Laurence Augoyard : Si dans sa phase de réflexion l’entreprise ne se dégage pas de l’existant, elle prend le risque de se faire challenger par des nouveaux entrants sur son marché. En revanche, dans la mise en œuvre du projet il est important de tenir compte d’un existant.
Anne Lacouberie : Dans le cadre des grands projets de transformation digitale, beaucoup d’entreprises choisissent de conserver une partie de l’existant et procéder étape par étape. Néanmoins, certains CDO (chief digital officer), dans une logique de time to market, estiment qu’il est important de faire table rase de l’existant, notamment au niveau des systèmes d’information. C’est le cas pour les grandes entreprises, dont les SI sont souvent hétérogènes, parfois cloisonnés du fait de développements successifs ou d’acquisitions de sociétés disposant de leurs propres équipements.
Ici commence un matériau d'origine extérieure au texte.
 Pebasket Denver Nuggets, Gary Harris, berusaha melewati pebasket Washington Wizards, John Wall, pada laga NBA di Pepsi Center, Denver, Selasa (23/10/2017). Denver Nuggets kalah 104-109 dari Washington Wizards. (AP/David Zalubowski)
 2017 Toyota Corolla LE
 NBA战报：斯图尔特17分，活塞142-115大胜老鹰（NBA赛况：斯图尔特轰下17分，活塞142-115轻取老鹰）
Recruter de nouvelles compétences
Ana Athayde : Il s’agit d’un vrai défi notamment pour les grands groupes. Les DSI ne réfléchissent pas de la même manière et n’avancent pas au même rythme que les métiers qui, dans de nombreuses organisations, ont pris le pouvoir sur ces projets de transformation.
Anne Lacouberie : Les DSI sont souvent challengés, notamment avec l’arrivée des CDO (de plus en plus présents au comex), demandeurs d’un SI flexible, as a service pour le rendre digital et collaboratif. Il est important que DSI et CDO puissent travailler ensemble, justement pour avancer sur des quickwins digitaux, dans une logique de compatibilité avec l’existant.
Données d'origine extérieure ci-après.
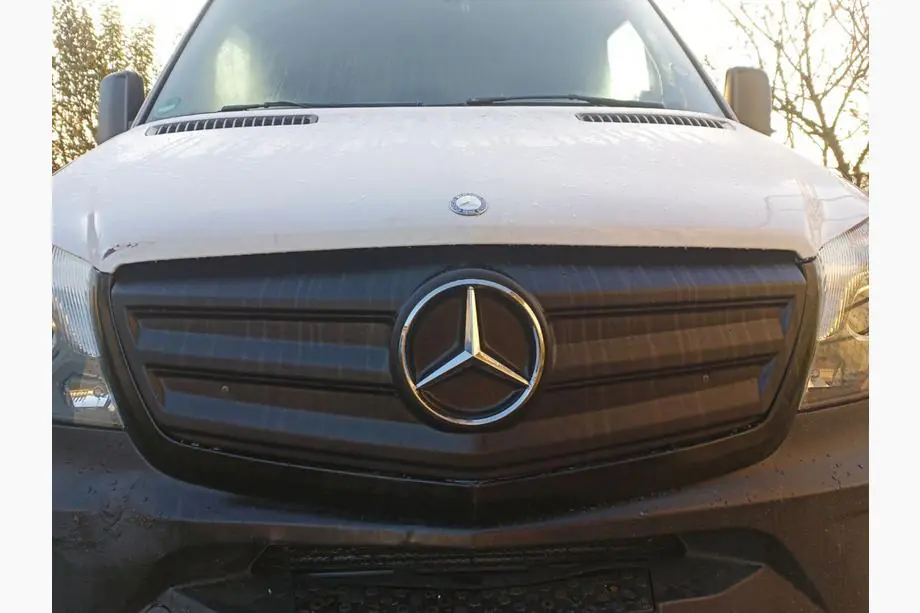Mercedes Sprinter W906 2006-2018 рр. Зимова накладка на решітку V2 (2013↗) Image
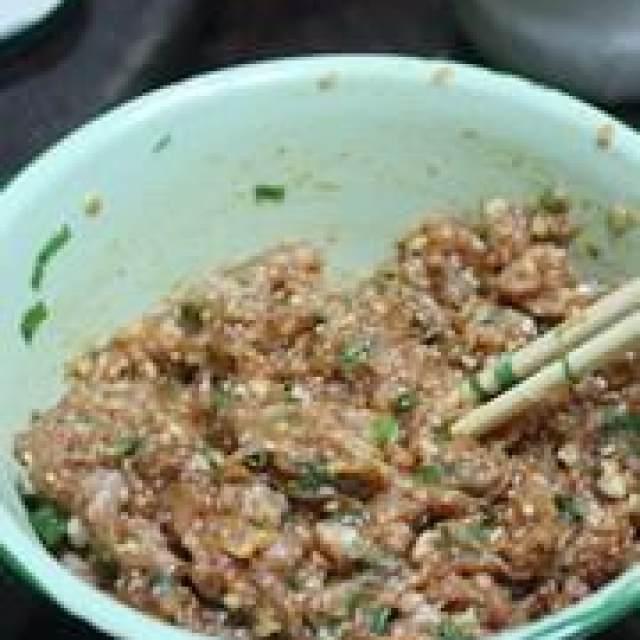 自制肉燕，皮薄馅大，香气四溢，非常爽口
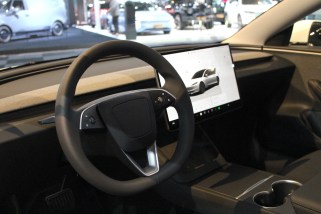 Tesla Model 3 Standard // Source : Jean-Baptiste Passieux - Frandroid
Ana Athayde : N’oublions d’ailleurs pas que pour mener un projet de transformation digitale, il faut des compétences transverses.
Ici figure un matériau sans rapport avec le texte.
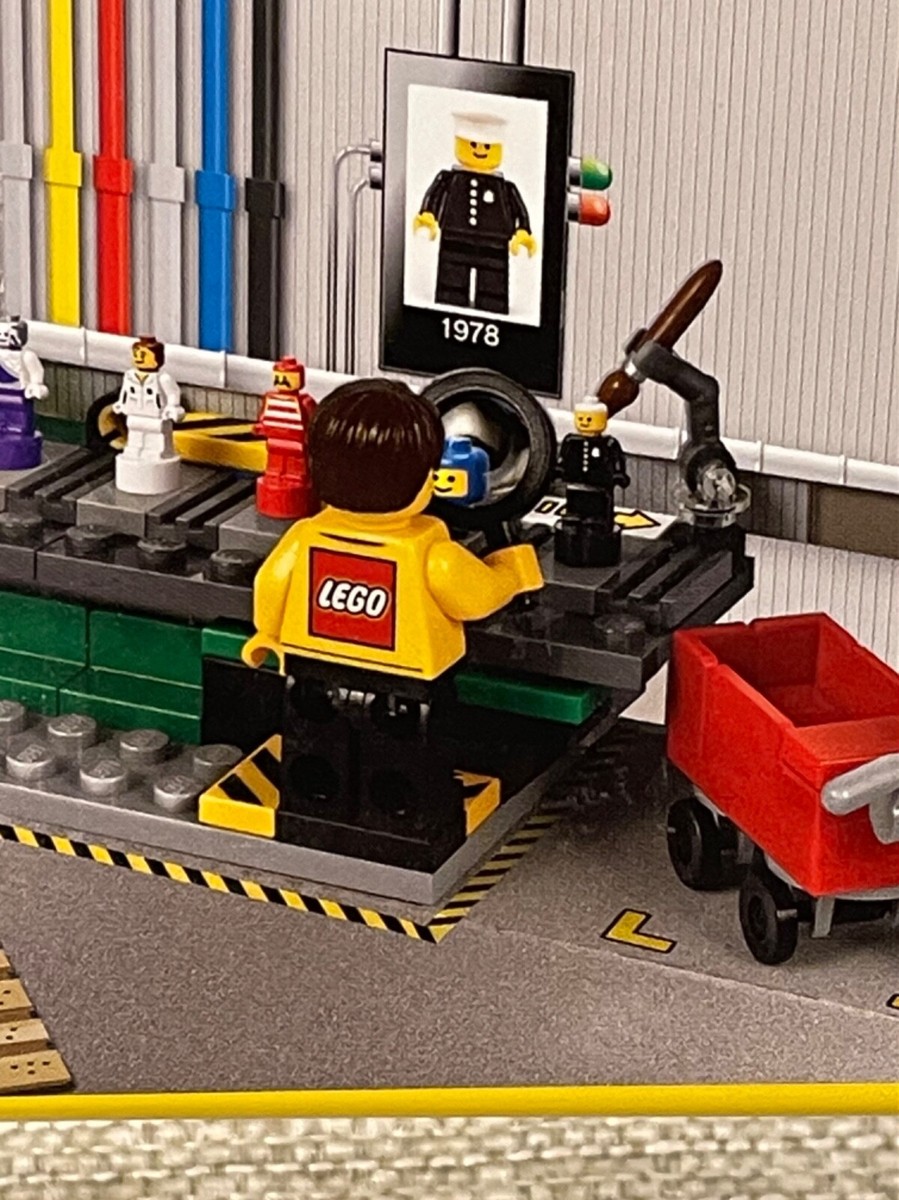 LEGO Minifigure Factory (5005358)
Olivier Laborde : S’agissant d’un projet de transformation d’entreprise, il faut des compétences en matière de conduite du changement ; le changement étant souvent accompagné de perte de repères et d’incertitudes.
Anne Lacouberie : L’arrivée d’un CDO symbolise souvent la volonté de la mise en place effective d’un projet, surtout lorsqu’il dispose d’un budget et d’une équipe ou s’il a mandat pour travailler en transverse avec les autres entités qui pourront lui consacrer des ressources. S’il est présent au comité de direction et dispose d’un véritable champ d’actions, cela illustrera d’autant plus la volonté de l’entreprise d’avancer dans sa transformation digitale. La gouvernance est un driver fort de la transformation digitale.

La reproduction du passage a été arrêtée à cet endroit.